Tuesday, July 08, 2008
More Details On Jerry Yang's Bungled Negotiations with Microsoft
If you've ever wondered whether some large company CEOs are operating way over their heads, this article answers your question.
"Yes."
The details regarding the extent of Jerry Yang's blunders in the initial discussions of Microsoft's bid, about which I first wrote here, are staggering. That Yang, after driving Yahoo further downhill after Terry Semel's departure last year, would hold out for a higher price than Microsoft's already-insanely generous offer, was unbelievable. As I wrote in that prior post,
"...it's been at least March of last year before the stock's price was, even for short periods, routinely above Microsoft's offer price. Jerry Yang's resumption of the CEO role last summer has cratered his firm's stock decisively since then."
But Yang isn't alone. I also wrote in that post,
"As for Microsoft, I pity their shareholders. If they didn't have half of this offer in cash on their balance sheet already, would any bank lend them all of the money for this takeover bid? Could even Goldman float a bond issue to fund this for them at reasonable rates?
If anything, I think it reminds us, per my many posts on Microsoft, Gates and Ballmer (see appropriate labels), that the company has been very sloppily managed in a financial sense."
Yang's arrogance managed to save Ballmer's shareholders- so far.
Now Ballmer thinks he can go back, with new partners, and dismember Yahoo, keeping the search engine for himself and letting his acquisition partners take their respective pieces of the ailing Yahoo.
Interestingly, though, the Yahoo senior people who dealt with Ballmer and heard his ideas referred to his plan as,
"filling his Internet hole," simply to compete with Google.

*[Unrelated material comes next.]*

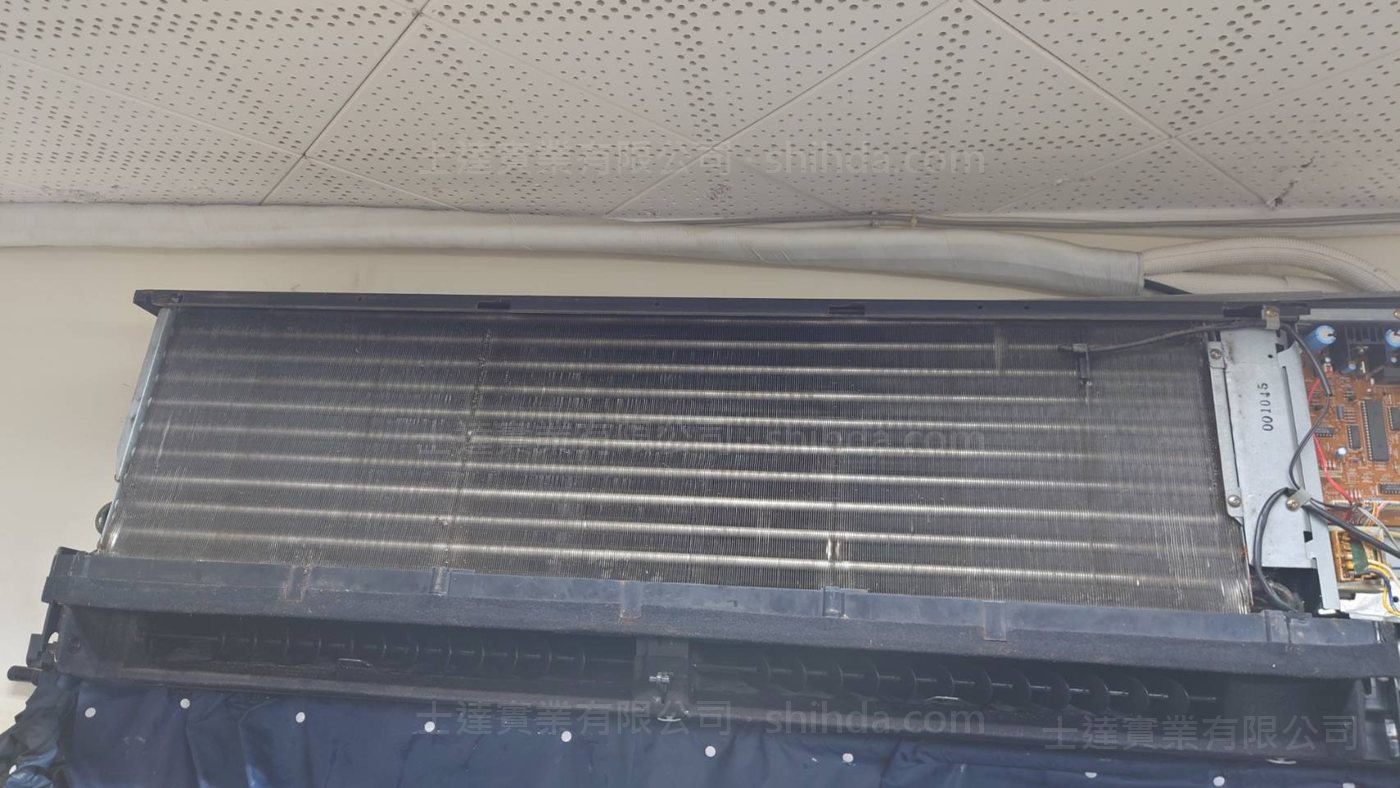 綜合大樓1樓 8.5kw 冷氣蒸發排保養前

Yang's stubbornness on price robbed his shareholders of their just dessert of an overpriced offer by Ballmer to let them exit their misery at the hands of Jerry Yang and his inept management team. This is a great example of how someone who may have been instrumental, long ago, in dreaming up and implementing a value-creating idea, such as Yang, a Yahoo co-founder, can become not only useless, but counter-productive to value creation and realization in the firm's later life.

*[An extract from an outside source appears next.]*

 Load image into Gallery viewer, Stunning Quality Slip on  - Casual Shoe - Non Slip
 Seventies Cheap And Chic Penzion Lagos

Ballmer is in a similar situation. He obviously added some value to Gates as they initially created the PC software industry in the 1980s.
But since 2000, Ballmer has been a liability for Microsoft, doing nothing to improve his shareholders' situation, either.
Ballmer escaped making a big mistake once, already, thank to Yang's stupidity and arrogance, thinking he and his team could seriously create more value than the Microsoft offer.
However, now it looks like he won't necessarily escape a second time. The complexity of the deal he now envisions could well make buying all of Yahoo look good by comparison when the dust settles.
Should be an interesting summer to watch these two firms.